Print rows that dont exist in table???

Question

Simple question.

I have a query that sums rows grouped by date. Basically, it counts how many membership applications in a day and prints out the results day by day. Naturally, if there are no applications in a day, it doesnt show that row (example below 15th and 17th had no applications.....

Date         |    Applications
-----------------------------------
12/01/2010   |   44
13/01/2010   |   73
14/01/2010   |   66
16/01/2010   |   102
18/01/2010   |   12
19/01/2010   |   22

I need it to print out the date and 0 for days when there are no applications, so as no days are skipped. Any idea how to do that. I thought of joining to a table with every day of the year, but that seems overkill

The query is below

SELECT
application_date AS Date,
COUNT(*) AS Applications 
FROM members
GROUP BY ap_date 

Answer 1

Select on the date range in question. Then iterate through the date range, looking to see if the current row matches.
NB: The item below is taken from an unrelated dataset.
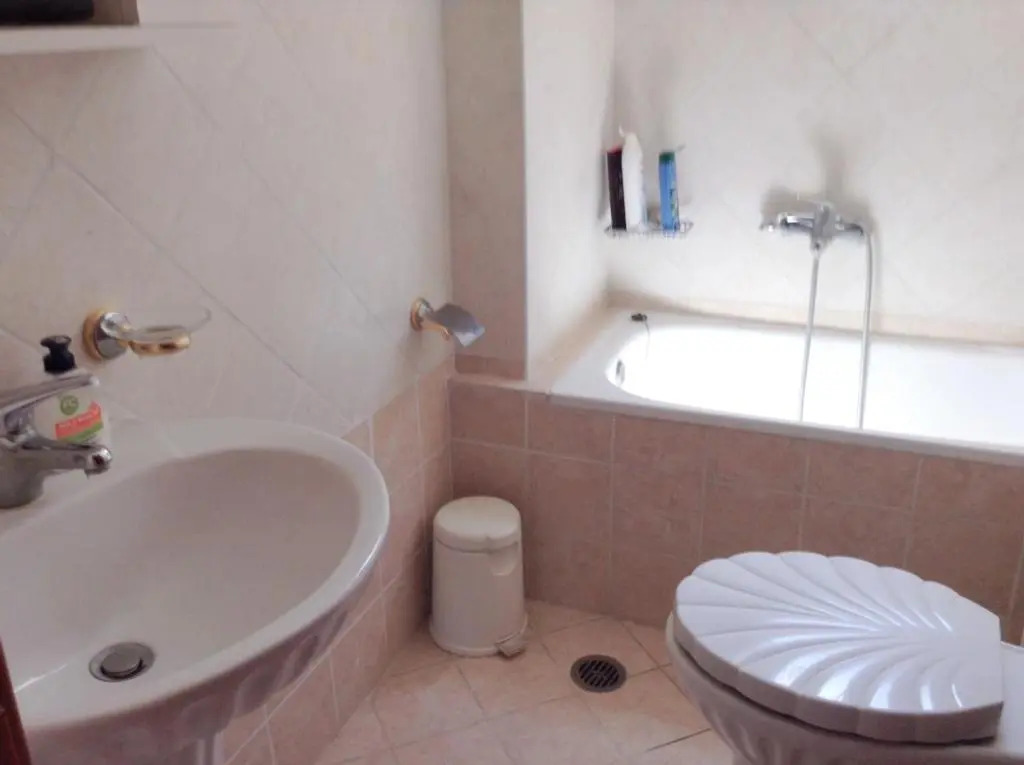 Roula apartment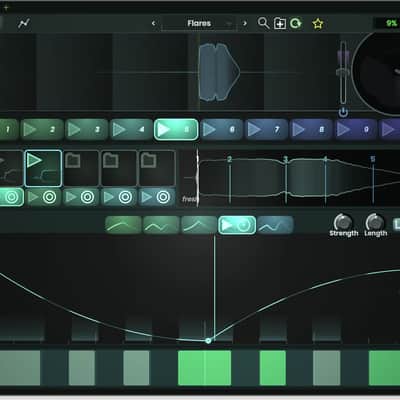DropZone (Download) <br>No turntables? No problem. Meet DropZone. ?? image 3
If it doesn't then output a 0. If it does then output the appropriate number and advance to the next row.

Answer 2

This is very similar to another question on SO. The general consensus seems to be:

1. Fill in the blank dates in the application layer of the program.
2. Create a temporary table, fill it with dates, and join on the temp table.
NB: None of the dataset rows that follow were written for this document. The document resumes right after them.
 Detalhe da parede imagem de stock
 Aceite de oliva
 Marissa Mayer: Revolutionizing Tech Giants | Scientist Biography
The best option is #1 - it's the least convoluted and should have the lowest overhead.

Answer 3

I would create a PHP array, and the array index would be a string, the date, I prefer this format YYYY-MM-DD and I would do something like this (note the key's date format is important)
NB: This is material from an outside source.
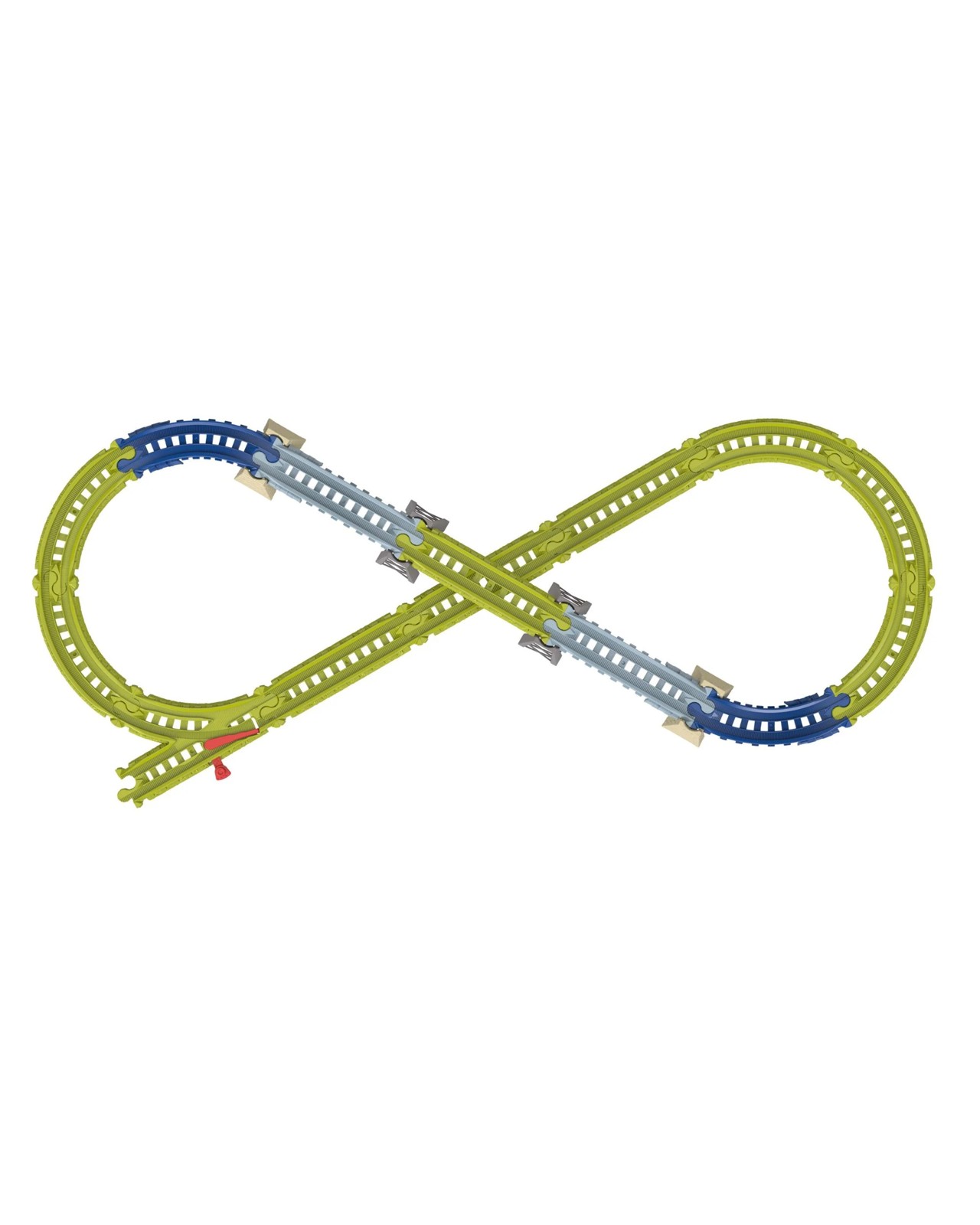 Thomas & Friends Easy Connect Track Kit 4 of 5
// how far in the past to go
$days_in_the_past = 365;
// default to today, unix timestamp file
$start_day = time();

// the array that contains all out dates
$dates = array();

// sec * min * hours
$secs_in_a_day = 60 * 60 * 24;

// note we're going backwards here
for ( $i=0; $i <= $days_in_the_past; $i++ )
{
    $key = date('Y-M-D', ($start_day - ($secs_in_a_day * $i)));
    // this sets the format of   2010-01-21   as the key
    $dates[$key] = "";
}

$query = 'SELECT date, app FROM table';
$result = mysql_query($query);
while ( $row = mysql_fetch_assoc($result) )
{
    $key = date('Y-M-D', strtotime($row['Date']));
    $dates[] = $row['Applications'];
}

If you want the dates in order, just sort the array.

Answer 4

It's not overkill to create a table just for listing all the dates in the year; it's called a helper table, and can make this query (and lots like it) very easy.